# Molar solubility

Molar solubility is the number of moles of a substance (the solute) that can be dissolved per liter of solution before the solution becomes saturated. It can be calculated from a substance's solubility product constant (Ksp) and stoichiometry. The units are mol/L, sometimes written as M.

## Derivation

Given excess of a simple salt AxBy in an aqueous solution of no common ions (A or B already present in the solution), the amount of it which enters solution can be calculated as follows:

The Chemical equation for this salt would be:
${\text{A}_x \text{B}_y}_{(s)} \Longleftrightarrow x \text{A}_{(aq)} + y \text{B}_{(aq)}\,$
where A, B are ions and x, y are coefficients...

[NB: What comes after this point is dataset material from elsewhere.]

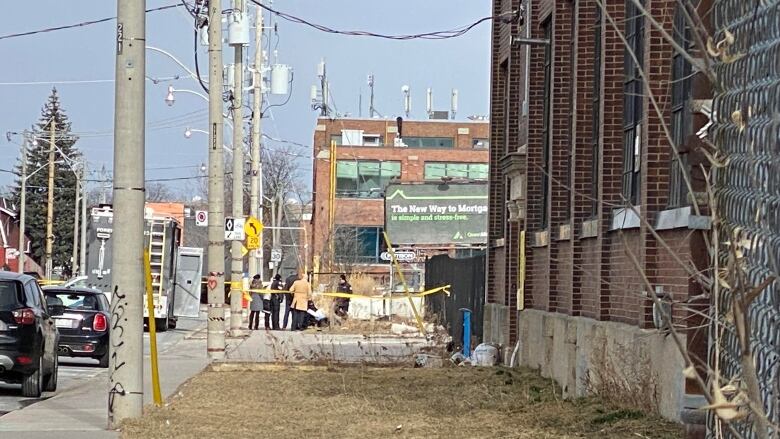 A crime scene on a street with caution tape surrounding it.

1. The relationship of the changes in amount (of which mole is a unit), represented as N(∆), between the species is given by Stoichiometry as follows:
$-\frac{N_{ AxBy(\Delta)}}{1} = \frac{N_{A(\Delta)}}{x} = \frac{N_{B(\Delta)}}{y}\,$
which, when rearranged for ∆A and ∆B yields:
$N_{A(\Delta)} = -xN_{AxBy(\Delta)}\,$
$N_{B(\Delta)} = -yN_{AxBy(\Delta)}\,$

2. The Deltas(∆), Initials(i) and Finals(f) relate very simply since, in this case, Molar solubility is defined assuming no common ions are already present in the solution.
$N_{(i)} + N_{(\Delta)} = N_{(f)}\,$ The Difference law

$N_{A(i)} = 0\,$
$N_{B(i)} = 0\,$

Which condense to the identities
$N_{A(f)} = N_{A(\Delta)}\,$
$N_{B(f)} = N_{B(\Delta)}\,$

3. In these variables (with V for volume), the Molar solubility would be written as:
$S_0 = -\frac{N_{ AxBy(\Delta)}}{V}\,$

4. The Solubility Product expression is defined as:
$K_{sp} = [A]^x[B]^y\,$

These four sets of equations are enough to solve for S0 algebraically:

$K_{sp} = {\left(\frac{N_{A(f)}}{V}\right)}^x {\left(\frac{N_{B(f)}}{V}\right)}^y\,$

$K_{sp} = {\left(\frac{N_{A(\Delta)}}{V}\right)}^x {\left(\frac{N_{B(\Delta)}}{V}\right)}^y\,$

$K_{sp} = \frac{{(N_{A(\Delta)})}^x {(N_{B(\Delta)})}^y}{V^{(x+y)}}\,$

$K_{sp} = \frac{{(-xN_{AxBy(\Delta)})}^x {(-yN_{AxBy(\Delta)})}^y}{V^{(x+y)}}\,$

$K_{sp} = \frac{{(-1)}^x {(x)}^x {(N_{AxBy(\Delta)})}^x {(-1)}^y {(y)}^y {(N_{AxBy(\Delta)})}^y}{V^{(x+y)}}\,$

$K_{sp} = x^x y^y \frac{{(-1)}^x {(-1)}^y {(N_{AxBy(\Delta)})}^x {(N_{AxBy(\Delta)})}^y}{V^{(x+y)}}\,$

$K_{sp} = x^x y^y \frac{{(-1)}^{(x+y)}{(N_{AxBy(\Delta)})}^{(x+y)}}{V^{(x+y)}}\,$

$\frac{K_{sp}}{x^x y^y} = {\left(-\frac{N_{AxBy(\Delta)}}{V}\right)}^{(x+y)}\,$

$\frac{K_{sp}}{x^x y^y} = {\left(S_0\right)}^{(x+y)}\,$

Hence;

$S_0 = \sqrt[(x+y)]{\frac{K_{sp}}{x^x y^y}}\,$

## Simple calculation

If the solubility product constant (Ksp) and dissociation product ions are known, the molar solubility can be computed without the aforementioned equation.

### Example

Ionic substance AB2 dissociates into A and 2B, or one mole of ion A and two moles of ion B. The soluble ion dissociation equation can thus be written as:

$AB_{2(s)} \Longleftrightarrow A_{aq} + 2B_{aq}$

where the corresponding solubility product equation is:

$K_{sp} = [A][B]^2$

If the initial concentration of A is x, then that of B must be 2x. Inserting these initial concentrations into the solubility product equation gives:

$K_{sp} = (x)(2x)^2$
$K_{sp} = (x)(4x^2)$
$K_{sp} = 4x^3$

If Ksp is known, x can be computed, which is the molar solubility.